11/01/2011 01:23 PM 2 pkg-five-26739.tar.gz
11/01/2011 01:23 PM 2 pkg-five-27296.tar.gz
11/01/2011 01:23 PM 2 pkg-four-18533.tar.gz
11/01/2011 01:23 PM 2 pkg-four-8343.tar.gz
11/01/2011 01:23 PM 2 pkg-one-13225.tar.gz
11/01/2011 01:23 PM 2 pkg-one-24343.tar.gz
11/01/2011 01:23 PM 2 pkg-three-23830.tar.gz
11/01/2011 01:23 PM 2 pkg-three-30553.tar.gz
11/01/2011 01:23 PM 2 pkg-two-27692.tar.gz
11/01/2011 01:23 PM 2 pkg-two-28727.tar.gz
10 File(s) 20 bytes
2 Dir(s) 1,234,567,890 bytes free


As this command is barely decipherable, I'm not going to go through it in great detail, but I will describe it at a high level.

We start off by enabling delayed variable expansion so we can set and immediately use a variable. We then use a trusty For loop (actually, I don't trust the sneaky bastards) to find the package names. We then use another For loop to work with each file that matches the current package by using a directory listing plus the Find command. Now is where it get really hairy...

We need to keep the two files with the highest version number. To do this we use two variables, First and Second, to hold the two highest version numbers. Both variables are initialized to zero.

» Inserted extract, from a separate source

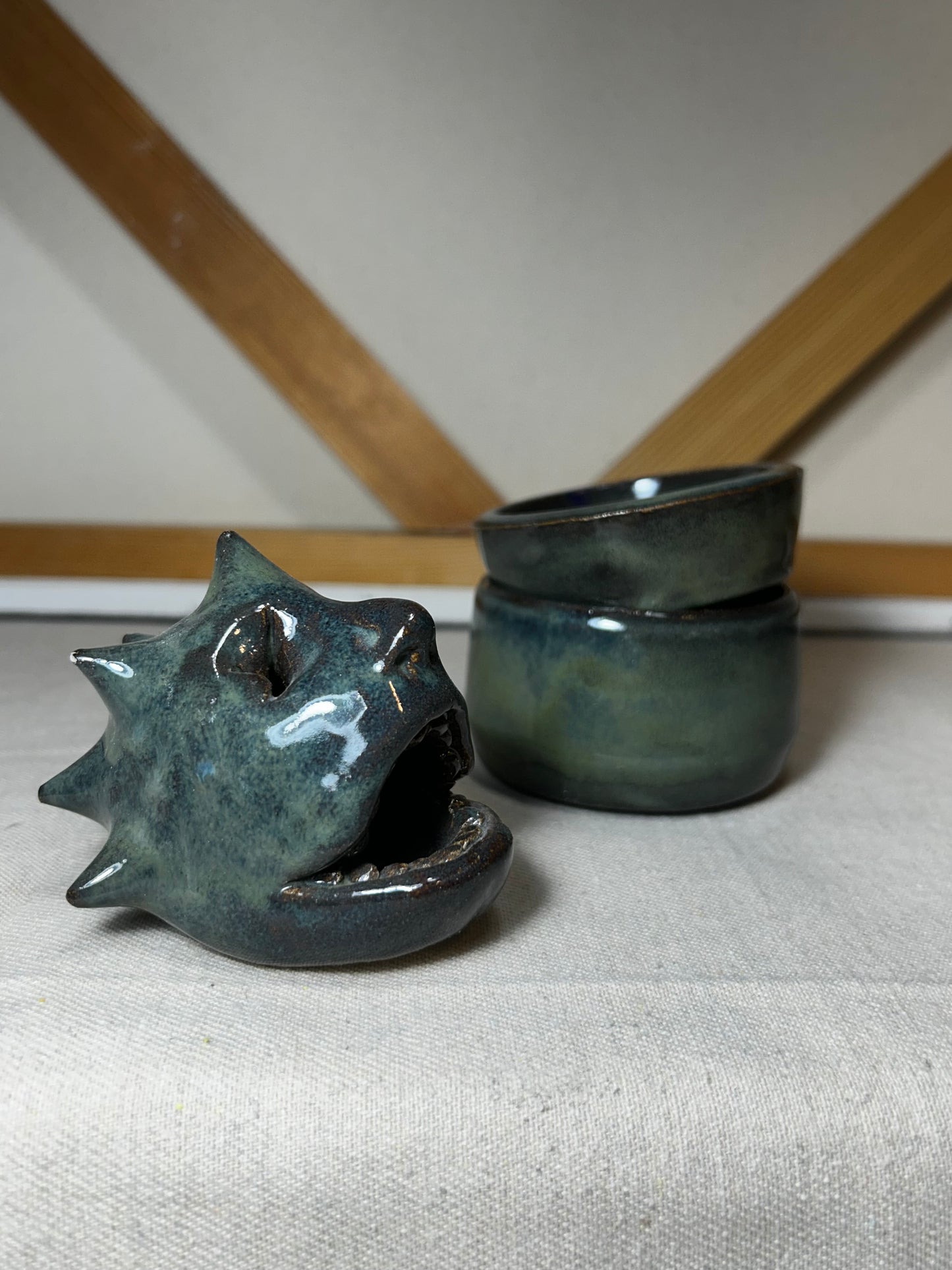 Dis-A-Point, Ceramic Figure Stack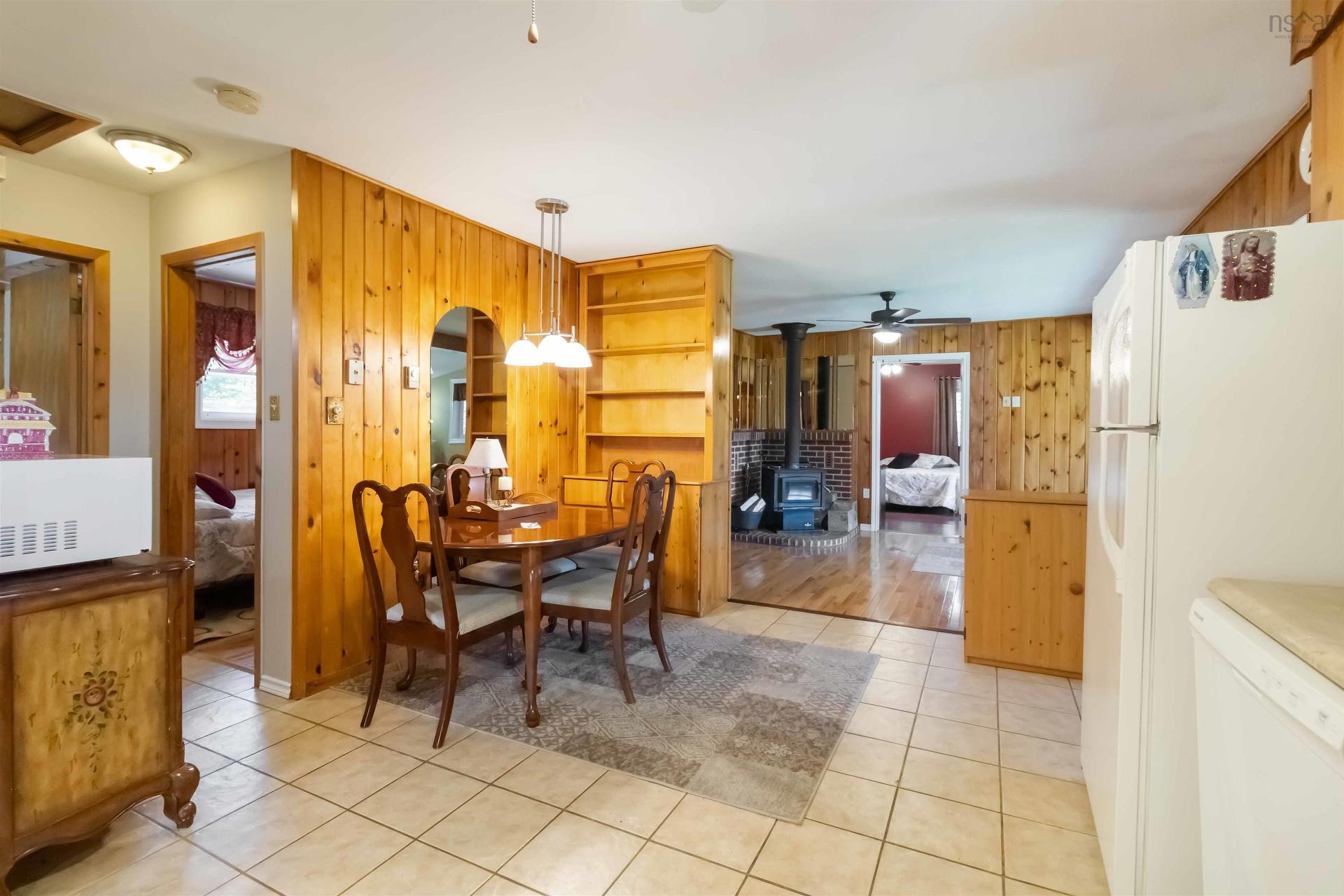 198 Spruce Drive, Barss Corner, NS - Indoor Photo Showing Dining Room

Next we need to do some crazy comparisons.

1. If the version number of the current file for the current package is greater than First, we delete the file related to Second, move First to Second, and set First equal to the current version.

2. If the version number of the current file for the current package is less than First but greater than Second, we delete the file related to Second and set Second equal to the current version.

3. If the version number of the current file for the current package is less than both First and Second then the file is deleted.

Ok, Hal, you have your CMD.EXE. I would say "TAKE THAT", but I'm pretty sure I'm the one that was taken.